Chapter 5 - Availability Flashcards
What is availability?
a property of software that it is there and ready to carry out its task when you need it to be
How is availability different from reliability?
it builds on reliability by adding the notion of recovery and repair
Availability general scenario: what are 5 possible values for “Source”
internal/external:
- people
- hardware
- software
- physical infrastructure
- physical environment
Availability general scenario: what are 4 possible values for “Stimulus”
- omission
- crash
- incorrect timing
- incorrect response
Availability general scenario: what are 4 possible values for “Artifact”
- system’s processors
- communication channels
- persistent storage
- processes
Availability general scenario: what are 6 possible values for “Environment”
- normal operation
- startup
- shutdown
- repair mode
- degraded operation
- overloaded operation
Availability general scenario: what are 3 possible values for “Response”
- prevent the fault from becoming a failure
- detect fault
- recover from fault
Availability general scenario: what are 6 possible values for “Response Measure”
- time interval when the system must be available
- availability percentage
- time to detect the fault
- time to repair the fault
- time interval in which system can be in degraded mode
- the rate of a certain class of faults that the system prevents
2 system actions that are done in order to “detect the fault”
- log the fault
- notify appropriate entities
4 possible system actions that can be done in order to “recover from fault”
- disable the source of events causing faults
- be temporarily unavailable while the repair is being affected
- fix/mask the fault or contain damage it causes
- operate in degraded mode while repair in progress
Definition of availability tactics?
they enable a system to endure faults so that services remain compliant with their specifications
The main goal of availability tactics?
to keep faults from becoming failures or at least bound the effects of the fault and make repair possible
9 tactics for detecting faults
- ping/echo
- monitor
- heartbeat
- timestamp
- sanity checking
- condition monitoring
- voting
- exception detection
- self-test
Tactic for detecting faults: What is ping/echo?
an asynchronous request/response message pair exchanged between nodes, used to determine reachability and the round-trip delay through the associated network path
Tactic for detecting faults: What is a monitor?
a component used to monitor the state of health of other parts of the system
Tactic for detecting faults: What is a heartbeat?
a periodic message exchange between a system monitor and a process being monitored
Tactic for detecting faults: What is a timestamp?
used to detect incorrect sequences of events, primarily in distributed message-passing systems
Tactic for detecting faults: What is sanity checking?
checks the validity or reasonableness of a component’s operations or outputs
Tactic for detecting faults: What is condition monitoring?
checking conditions in a process or device, or validating assumptions made during the design
Tactic for detecting faults: What is voting?
to check that replicated components are producing the same results
Tactic for detecting faults: What is exception detection?
detection of a system condition that alters the normal flow of execution
Tactic for detecting faults: What is self-test?

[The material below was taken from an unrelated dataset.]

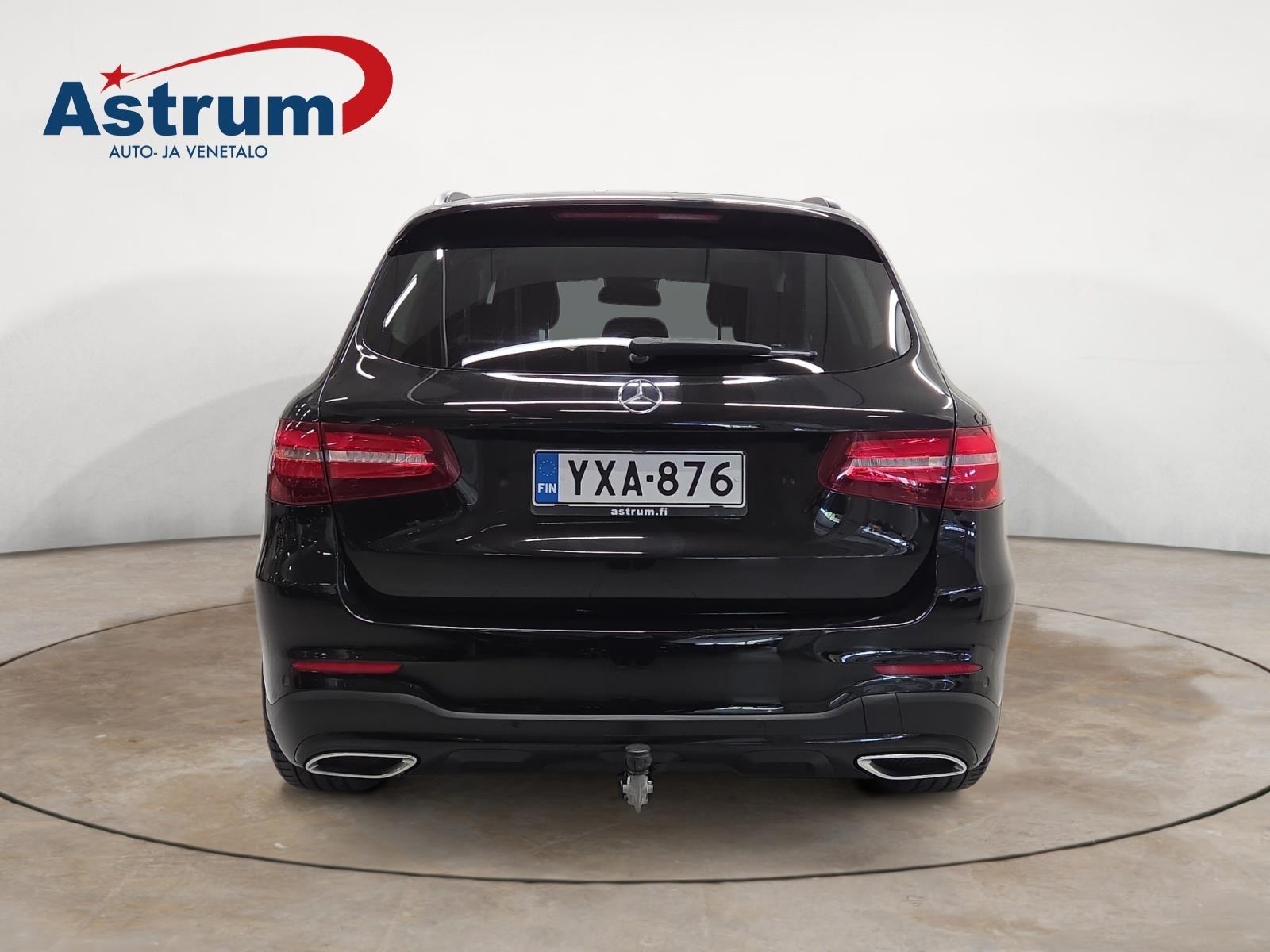 MERCEDES-BENZ GLC 2019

a procedure for a component to test itself for correct operation
What are the 3 main categories of availability tactics?
- detect faults
- recover from faults
- prevent faults
What are the 2 sub-categories of availability tactics under recover from faults?
- preparation and repair
- reintroduction
10 tactics for preparation and repair for recovering from faults
- active redundancy
- passive redundancy
- spare
- exception handling
- rollback
- software upgrade
- retry
- ignore faulty behavior
- degradation
- reconfiguration
Tactic for preparation and repair: what is active redundancy?

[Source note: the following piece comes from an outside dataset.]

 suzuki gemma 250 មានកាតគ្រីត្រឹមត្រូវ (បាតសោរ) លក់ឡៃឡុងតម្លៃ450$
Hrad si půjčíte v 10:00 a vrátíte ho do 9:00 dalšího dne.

basically having hot backups
Tactic for preparation and repair: what is passive redundancy?
the backups are not hot and get fed information during periodic updates
Tactic for preparation and repair: what is spare?

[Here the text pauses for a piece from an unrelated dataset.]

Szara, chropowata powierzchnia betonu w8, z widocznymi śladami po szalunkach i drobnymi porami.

a completely offline (or cold) version that undergoes a power-on-reset procedure when a fail-over occurs before it goes into service
Tactic for preparation and repair: what is software update?
in-service upgrades to executable code images in a non-service-affecting manner
think iOS update!!
Tactic for preparation and repair: what is retry?
trying an operation again may lead to success if the failure is transient
Tactic for preparation and repair: what is reconfiguration?
reassigning responsibilities to the resources left functioning while maintaining as much functionality as possible
What are the 4 tactics for reintroduction for recovery from fault
- shadow
- state resynchronization
- escalating restart
- non-stop forwarding
Tactic for reintroduction: what is shadow?
operating a previously failed or in-service upgraded component in a “shadow mode” for a predefined time prior to reverting the component back to an active role
Tactic for reintroduction: what is state resynchronization?
partner to active redundancy and passive redundancy where state information is sent from active to standby components
Tactic for reintroduction: what is escalating restart?
recover from faults by varying the granularity of the component(s) restarted and minimizing the level of service affected
Tactic for reintroduction: what is non-stop forwarding?
functionality is split into supervisory and data. If a supervisor fails, a router continues forwarding packets along known routes while protocol information is recovered and validated.
5 tactics for preventing faults
- removal from service
- transactions
- predictive model
- exception prevention
- increase competence set
Tactic for preventing faults: what are transactions?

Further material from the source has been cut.